NAHC Leadership Closes the March on Washington with a General Session on Advocacy and Home Health Management
April 3, 2014 10:38 AM
This year’s March on Washington came to a successful close with a lunch General Session discussion between NAHC President Val J. Halamandaris, NAHC Board Chairperson Andrea Devoti and Home Health Nurses’ Association Chairperson Elaine Stephens. The discussion ranged from the importance of advocacy for the home care and hospice community to how to motivate home care and hospice workers during difficult times.
NAHC President Val J. Halamandaris started the session by sharing the latest on the ongoing SGR negotiations in Congress, stating that, “home care and hospice are not included in the SGR fix, which is good because it means that we were able to fight off any additional cuts or copays.” The positive development was caveated by the fact that the SGR bill also did not include a NAHC-drafted amendment that would provide rebasing relief, though NAHC would keep fighting on that front as well.
Ms. Devoti focused her opening remarks on cuts of a different kind – home care and hospice agencies needing to cut staff, salaries, or benefits to stay in business. “Don’t just cut to stay in business,” Ms. Devoti said. “Look at your value-added services very closely and very strategically. You can find savings by renegotiating your vendor contracts on a regular basis, by better utilizing your information technology. Moves like those won’t affect your staff.”

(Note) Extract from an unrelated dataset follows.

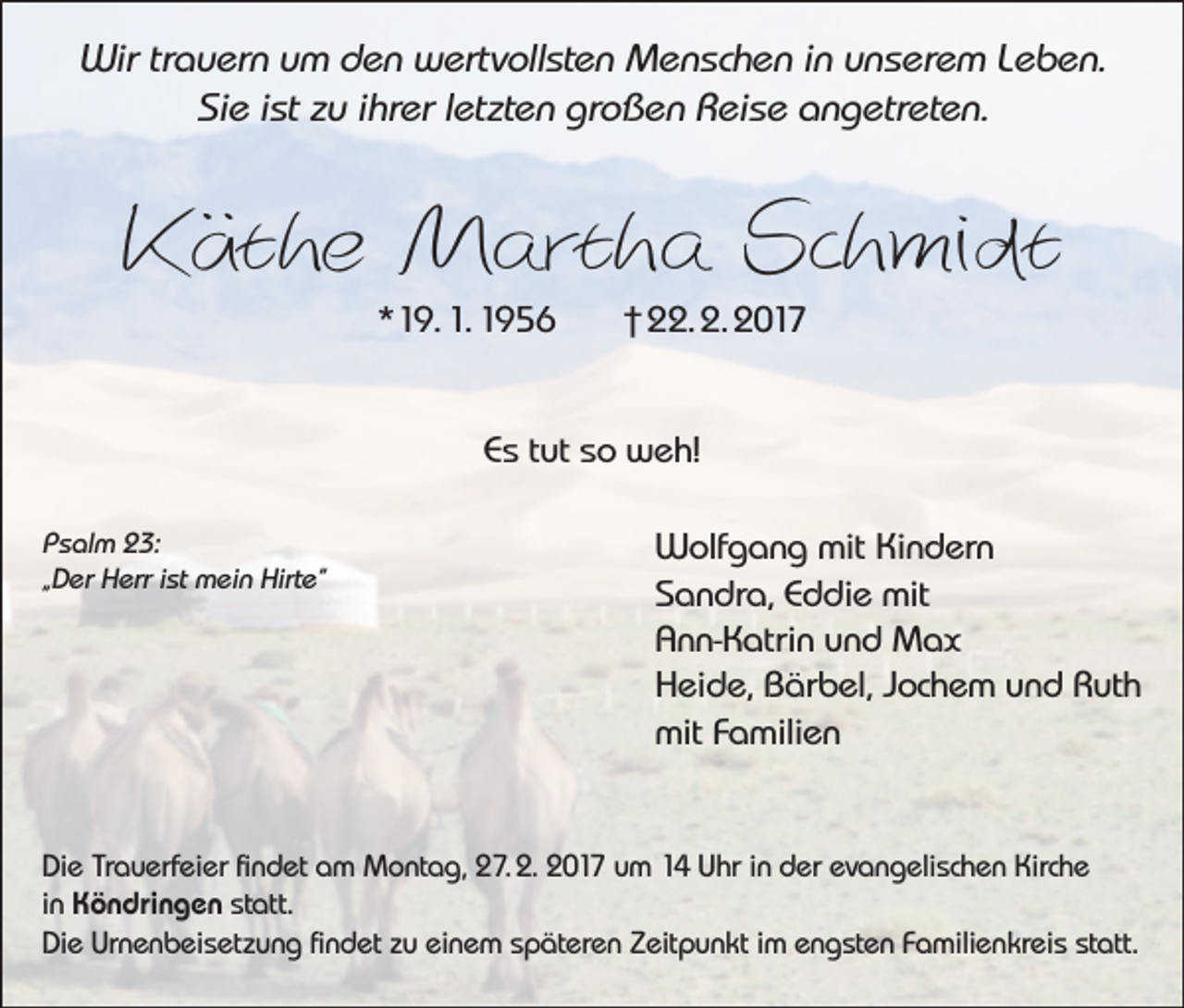 <p>Wir trauern um den wertvollsten Menschen in unserem Leben.<br />Sie ist zu ihrer letzten großen Reise angetreten.</p><p>Käthe Martha Schmidt<br />*19. 1. 1956</p><p>† 22. 2. 2017</p><p>Es tut so weh!<br />Psalm 23:<br />„Der Herr ist mein Hirte“</p><p>Wolfgang mit Kindern<br />Sandra, Eddie mit<br />Ann-Katrin und Max<br />Heide, Bärbel, Jochem und Ruth<br />mit Familien</p><p>Die Trauerfeier findet am Montag, 27. 2. 2017 um 14 Uhr in der evangelischen Kirche<br />in Köndringen statt.<br />Die Urnenbeisetzung findet zu einem späteren Zeitpunkt im engsten Familienkreis statt.</p>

Ms. Stephens agreed that information technology is important, but home care and hospice agencies should take a different approach. “Technology isn’t just about buying more and updating it all the time. It’s about utilizing what you have in smart ways. Think about the technology you currently have and how you can use it more efficiently to get more out of it.”
While being able to be more cost-effective and resource-smart are critical to success, Ms. Devoti, Ms. Stephens and Mr. Halamandaris all agreed that an agency’s reputation is perhaps the most important component to success. “Your reputation is crucial. How you treat people – both your patients and your staff - is critical,” said Mr. Halamandaris. “We all have to live the culture of caring.”
Said Elaine Stephens, “some people may say that I over-communicate, but you should find ways to communicate with your staff often, even if it is just a quick text message. Find every way you can to communicate with people, and be present when they are in the office. Being available and communicative shows your staff that you care about them.”
The realities of the current home care and hospice landscape, said Andrea Devoti, is that, “cash is king, and the only thing that comes in a close second is data. I am now being asked for data within my own organization to justify decisions and ensuring proper care. Data is becoming more and more important and will continue to do so.”
Within Washington - like home care and hospice agencies - money is one of the most important factors, said Val J. Halamandaris. “Washington runs on three things, money, respect and noise. We are very good at making noise. No organization is as respected as we are – as we are representing the angels of home care and hospice – where we lag behind other organizations is in raising and contributing money. If we all did more on that front, and we would be unstoppable.”
The session concluded with sound advice from Andrea Devoti, “don’t forget to have some fun. Have fun with your staff. Take some time to recharge your batteries and give your staff that opportunity, too. This is a stressful time for all of us. Remember why you got in this business, why you love what you do and remember to have fun.”